Lyric Stage's Fanny Brice, 22-year-old New York City college student Kristin Dausch, is still a mite green for Broadway, but in an Irving, Texas, auditorium on a rainy Saturday night, she more than met the challenge of one of musical theater's toughest roles. Dausch has a stunning set of pipes. She hasn't yet achieved the magical "ping" in her singing voice that Streisand had in her prime, but with more training and experience, she'll probably locate it. When Dausch opens her throat on the last few phrases of "People," and when she digs into the wrenching sadness of "The Music That Makes Me Dance" (a torch song cut from the movie version), she definitely makes the role her own.

This young actress' strength right now is her wonderfully cockeyed comedy talent, put to great use in Funny Girl's kicky Ziegfeld Follies numbers (the hilarious pregnant bride bit seems a lot shorter than the movie's, which is too bad). She is more Brice than Streisand when she contorts her face into rubbery grimaces and stumbles around in intentionally awkward dancing. She's good, this girl. Stardom might be another show or three in the future, but Kristin Dausch is definitely on her way.

Supporting their star in this immensely entertaining production, directed by Cheryl Denson, is an enormous ensemble of good, mostly local actors, singers and dancers. Lyric Stage treats its American musicals with reverence, taking no shortcuts and making sure every line and every note is done as the composers intended. There are 35 musicians in the orchestra pit for this show—just the sound of the strings in the tune-up before conductor Jay Dias cues the overture sets the pulse racing—and when the music is soaring and everyone's singing and dancing in tuxes and feathered headdresses for the Ziegfeld scenes, it's thrilling.

To play Nick Arnstein, Lyric has brought back 24-year-old Christopher Pinnella, here a couple of seasons ago to star as Billy Bigelow in Carousel (also directed by Denson). Looking slick in a ruffled shirt and singing a little here and there, are about all that's required of his character, but Pinnella makes him sexy enough to let us understand why Fanny keeps him around.

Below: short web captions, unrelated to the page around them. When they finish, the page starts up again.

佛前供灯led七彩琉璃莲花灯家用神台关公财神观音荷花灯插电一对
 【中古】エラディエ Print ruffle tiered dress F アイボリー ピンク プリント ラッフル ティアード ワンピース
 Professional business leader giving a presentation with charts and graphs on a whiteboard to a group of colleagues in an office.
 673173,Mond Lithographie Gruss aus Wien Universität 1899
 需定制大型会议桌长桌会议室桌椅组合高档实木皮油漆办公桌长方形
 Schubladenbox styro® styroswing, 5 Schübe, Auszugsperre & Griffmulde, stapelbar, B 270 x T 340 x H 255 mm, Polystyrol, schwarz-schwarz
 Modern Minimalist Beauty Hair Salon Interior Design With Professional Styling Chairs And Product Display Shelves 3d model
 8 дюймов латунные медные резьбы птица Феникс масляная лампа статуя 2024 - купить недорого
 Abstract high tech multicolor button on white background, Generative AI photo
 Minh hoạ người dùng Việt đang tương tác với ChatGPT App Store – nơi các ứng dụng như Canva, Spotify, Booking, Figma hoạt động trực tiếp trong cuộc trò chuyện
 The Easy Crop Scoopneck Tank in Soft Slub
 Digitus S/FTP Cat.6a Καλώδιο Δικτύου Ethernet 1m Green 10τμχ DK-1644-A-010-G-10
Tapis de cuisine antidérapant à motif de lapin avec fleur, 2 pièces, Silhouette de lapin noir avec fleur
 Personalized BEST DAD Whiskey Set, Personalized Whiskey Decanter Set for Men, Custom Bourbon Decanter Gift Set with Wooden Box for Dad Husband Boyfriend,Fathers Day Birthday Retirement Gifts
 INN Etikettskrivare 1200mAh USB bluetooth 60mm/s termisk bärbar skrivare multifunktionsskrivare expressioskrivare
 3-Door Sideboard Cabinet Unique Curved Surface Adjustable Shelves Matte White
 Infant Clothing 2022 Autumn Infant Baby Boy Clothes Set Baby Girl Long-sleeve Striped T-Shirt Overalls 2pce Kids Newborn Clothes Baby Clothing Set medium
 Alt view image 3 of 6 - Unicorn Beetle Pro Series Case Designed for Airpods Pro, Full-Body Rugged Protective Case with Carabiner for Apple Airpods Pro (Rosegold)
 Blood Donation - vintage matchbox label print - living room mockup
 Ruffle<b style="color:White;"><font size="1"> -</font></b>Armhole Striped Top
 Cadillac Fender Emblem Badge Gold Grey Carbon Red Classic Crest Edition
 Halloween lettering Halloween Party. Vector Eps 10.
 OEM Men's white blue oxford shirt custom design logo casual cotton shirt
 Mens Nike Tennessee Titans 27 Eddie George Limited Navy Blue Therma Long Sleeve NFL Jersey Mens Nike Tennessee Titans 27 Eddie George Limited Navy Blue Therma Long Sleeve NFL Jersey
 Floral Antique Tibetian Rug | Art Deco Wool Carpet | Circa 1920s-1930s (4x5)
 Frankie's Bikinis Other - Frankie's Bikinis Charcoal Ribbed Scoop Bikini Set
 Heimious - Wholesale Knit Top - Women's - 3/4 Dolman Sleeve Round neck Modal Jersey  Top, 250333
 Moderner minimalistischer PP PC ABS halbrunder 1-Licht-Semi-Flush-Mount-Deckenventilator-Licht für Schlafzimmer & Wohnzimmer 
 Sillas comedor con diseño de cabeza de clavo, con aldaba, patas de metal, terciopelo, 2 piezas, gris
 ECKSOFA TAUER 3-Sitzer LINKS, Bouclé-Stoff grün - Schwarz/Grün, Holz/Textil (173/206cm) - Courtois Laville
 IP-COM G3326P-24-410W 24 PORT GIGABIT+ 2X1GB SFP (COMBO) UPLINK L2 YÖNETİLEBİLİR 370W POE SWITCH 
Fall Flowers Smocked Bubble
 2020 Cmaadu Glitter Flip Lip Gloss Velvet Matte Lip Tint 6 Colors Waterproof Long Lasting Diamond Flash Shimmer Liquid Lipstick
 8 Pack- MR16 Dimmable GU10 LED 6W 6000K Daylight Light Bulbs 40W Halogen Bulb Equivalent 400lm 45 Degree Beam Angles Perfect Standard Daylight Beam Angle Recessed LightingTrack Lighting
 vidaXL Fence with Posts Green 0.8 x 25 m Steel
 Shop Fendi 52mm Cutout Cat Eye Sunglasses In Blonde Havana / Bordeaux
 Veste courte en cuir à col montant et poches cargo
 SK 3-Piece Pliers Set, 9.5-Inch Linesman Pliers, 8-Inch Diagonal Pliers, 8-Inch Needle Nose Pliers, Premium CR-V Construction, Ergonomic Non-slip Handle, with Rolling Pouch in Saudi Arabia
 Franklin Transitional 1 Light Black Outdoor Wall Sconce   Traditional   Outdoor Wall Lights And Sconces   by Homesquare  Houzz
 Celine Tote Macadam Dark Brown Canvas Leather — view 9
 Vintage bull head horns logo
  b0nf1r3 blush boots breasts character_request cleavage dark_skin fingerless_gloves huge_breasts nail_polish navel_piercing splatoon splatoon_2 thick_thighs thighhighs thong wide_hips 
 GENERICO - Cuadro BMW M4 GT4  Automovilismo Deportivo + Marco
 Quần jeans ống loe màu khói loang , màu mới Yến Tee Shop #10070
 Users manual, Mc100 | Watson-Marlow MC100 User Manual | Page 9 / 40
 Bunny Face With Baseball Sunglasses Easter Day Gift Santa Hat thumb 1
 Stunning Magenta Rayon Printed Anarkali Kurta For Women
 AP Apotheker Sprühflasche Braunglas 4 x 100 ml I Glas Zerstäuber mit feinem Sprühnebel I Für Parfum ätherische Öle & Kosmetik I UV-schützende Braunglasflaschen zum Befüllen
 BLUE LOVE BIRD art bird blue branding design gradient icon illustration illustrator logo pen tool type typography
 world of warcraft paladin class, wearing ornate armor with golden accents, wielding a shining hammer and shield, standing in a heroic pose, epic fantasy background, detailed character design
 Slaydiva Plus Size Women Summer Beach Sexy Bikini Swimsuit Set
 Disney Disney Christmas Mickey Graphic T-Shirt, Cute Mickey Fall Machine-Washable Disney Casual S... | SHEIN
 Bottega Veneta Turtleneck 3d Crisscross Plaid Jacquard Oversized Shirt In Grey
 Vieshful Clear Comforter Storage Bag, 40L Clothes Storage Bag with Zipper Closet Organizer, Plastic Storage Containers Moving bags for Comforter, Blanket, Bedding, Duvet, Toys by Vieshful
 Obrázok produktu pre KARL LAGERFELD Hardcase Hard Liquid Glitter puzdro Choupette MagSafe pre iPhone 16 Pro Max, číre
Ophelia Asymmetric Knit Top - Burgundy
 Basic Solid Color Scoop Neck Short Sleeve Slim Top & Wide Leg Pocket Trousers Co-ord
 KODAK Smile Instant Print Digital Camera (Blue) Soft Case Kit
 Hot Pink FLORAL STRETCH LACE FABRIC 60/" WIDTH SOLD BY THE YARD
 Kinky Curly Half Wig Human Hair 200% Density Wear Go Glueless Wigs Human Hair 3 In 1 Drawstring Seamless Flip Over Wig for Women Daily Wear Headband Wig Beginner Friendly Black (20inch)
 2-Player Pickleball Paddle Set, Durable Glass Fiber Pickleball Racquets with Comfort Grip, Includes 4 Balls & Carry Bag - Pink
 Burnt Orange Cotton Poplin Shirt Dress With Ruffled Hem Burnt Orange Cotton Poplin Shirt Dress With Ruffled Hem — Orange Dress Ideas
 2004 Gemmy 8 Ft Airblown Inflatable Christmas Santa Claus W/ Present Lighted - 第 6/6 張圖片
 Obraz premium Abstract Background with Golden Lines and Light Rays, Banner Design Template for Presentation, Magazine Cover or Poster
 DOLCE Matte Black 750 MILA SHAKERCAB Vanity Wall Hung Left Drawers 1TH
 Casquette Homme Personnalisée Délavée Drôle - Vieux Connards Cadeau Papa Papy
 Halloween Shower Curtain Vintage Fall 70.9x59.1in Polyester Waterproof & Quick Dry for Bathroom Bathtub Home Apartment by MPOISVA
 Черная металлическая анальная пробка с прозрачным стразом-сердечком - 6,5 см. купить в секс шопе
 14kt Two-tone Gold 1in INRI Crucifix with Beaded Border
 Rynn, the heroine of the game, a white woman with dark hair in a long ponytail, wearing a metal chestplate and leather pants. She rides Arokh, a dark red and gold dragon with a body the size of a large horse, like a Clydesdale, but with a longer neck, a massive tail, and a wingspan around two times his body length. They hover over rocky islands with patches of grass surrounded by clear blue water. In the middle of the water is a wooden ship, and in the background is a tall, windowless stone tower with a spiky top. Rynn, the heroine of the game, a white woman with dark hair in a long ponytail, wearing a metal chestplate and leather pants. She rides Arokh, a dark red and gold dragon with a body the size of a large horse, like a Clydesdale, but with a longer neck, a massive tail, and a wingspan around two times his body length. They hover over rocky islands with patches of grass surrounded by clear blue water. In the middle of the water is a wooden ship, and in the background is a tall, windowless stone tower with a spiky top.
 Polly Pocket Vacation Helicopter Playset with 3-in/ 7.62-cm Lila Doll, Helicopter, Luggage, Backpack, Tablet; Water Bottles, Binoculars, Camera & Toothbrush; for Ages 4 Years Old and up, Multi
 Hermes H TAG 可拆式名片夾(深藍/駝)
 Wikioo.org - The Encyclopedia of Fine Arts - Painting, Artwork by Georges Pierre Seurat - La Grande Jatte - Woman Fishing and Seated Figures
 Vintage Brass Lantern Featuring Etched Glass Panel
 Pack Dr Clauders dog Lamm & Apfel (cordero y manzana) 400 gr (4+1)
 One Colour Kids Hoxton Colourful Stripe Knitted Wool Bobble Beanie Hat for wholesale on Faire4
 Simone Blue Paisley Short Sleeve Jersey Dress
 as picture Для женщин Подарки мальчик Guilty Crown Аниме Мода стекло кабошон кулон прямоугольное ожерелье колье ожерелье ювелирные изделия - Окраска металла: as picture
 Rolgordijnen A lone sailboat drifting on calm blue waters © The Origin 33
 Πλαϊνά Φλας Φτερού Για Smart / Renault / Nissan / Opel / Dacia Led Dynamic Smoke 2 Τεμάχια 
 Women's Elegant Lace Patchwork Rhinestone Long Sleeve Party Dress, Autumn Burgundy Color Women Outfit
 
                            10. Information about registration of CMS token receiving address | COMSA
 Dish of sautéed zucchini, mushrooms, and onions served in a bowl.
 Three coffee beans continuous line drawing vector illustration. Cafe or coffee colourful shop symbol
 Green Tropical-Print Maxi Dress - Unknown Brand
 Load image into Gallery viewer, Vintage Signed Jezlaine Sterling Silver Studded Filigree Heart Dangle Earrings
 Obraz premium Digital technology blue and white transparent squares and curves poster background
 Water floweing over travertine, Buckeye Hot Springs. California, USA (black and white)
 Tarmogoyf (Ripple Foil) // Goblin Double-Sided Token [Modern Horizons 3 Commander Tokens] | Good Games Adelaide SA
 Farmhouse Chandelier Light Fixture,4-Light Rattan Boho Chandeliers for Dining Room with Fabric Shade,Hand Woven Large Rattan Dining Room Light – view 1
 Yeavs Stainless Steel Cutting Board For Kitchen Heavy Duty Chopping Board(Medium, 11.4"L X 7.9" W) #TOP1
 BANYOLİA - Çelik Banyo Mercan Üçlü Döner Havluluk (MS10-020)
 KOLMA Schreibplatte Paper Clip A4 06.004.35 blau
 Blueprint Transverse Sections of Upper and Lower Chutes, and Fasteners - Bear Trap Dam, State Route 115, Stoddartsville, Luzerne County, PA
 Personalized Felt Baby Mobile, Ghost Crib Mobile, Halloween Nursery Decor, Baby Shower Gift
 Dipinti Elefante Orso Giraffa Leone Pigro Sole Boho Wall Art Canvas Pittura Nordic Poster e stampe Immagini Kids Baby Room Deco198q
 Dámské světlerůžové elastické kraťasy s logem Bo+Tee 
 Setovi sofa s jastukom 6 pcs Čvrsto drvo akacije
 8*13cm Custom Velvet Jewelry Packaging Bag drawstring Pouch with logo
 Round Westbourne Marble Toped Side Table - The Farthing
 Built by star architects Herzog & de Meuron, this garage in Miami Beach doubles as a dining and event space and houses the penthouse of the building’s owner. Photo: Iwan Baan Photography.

As the man who got away, Fanny's young dancer-pal Eddie, Jeremy Dumont gives the night's most explosive performance. Hoofing like a young Donald O'Connor, singing better than a great dancer needs to and acting with more subtle colors than the leads, Dumont is a triple-threat musical comedy star who should have shows written for him. (He was a standout as one of the Jets in last season's West Side Story at Lyric and has since relocated from NYC to Dallas. Please, please, please, local theaters, someone do Singin' in the Rain and put him in it.)

All of Funny Girl's supporting players are well cast. Mark Oristano lends his booming voice to the role of Flo Ziegfeld. Radio host Mike Gallagher chomps a cigar and mugs effectively as Fanny's vaudeville boss, Mr. Keeney. Lois Sonnier Hart, as Fanny's ma, shares a duet with Dumont in "Who Taught Her Everything?," one of the nicest moments in the first act. Alexander Ross, coming directly off the lead in Altar Boyz at Uptown Players, gets a solo and a juicy comic turn in the small but showy part of the Ziegfeld Tenor.

If the sets by Bryan Wofford seem a tad drab and the costumes by Drenda Lewis don't flatter as well as they might, well, those are minor complaints about a production that takes a nearly impossible show to mount and fills it with bright, young talent giving it their all. Go ahead and catch Kristin Dausch now in Funny Girl. A couple of years from now, you might be paying quadruple the ticket price to see her on Broadway. Theater's funny that way.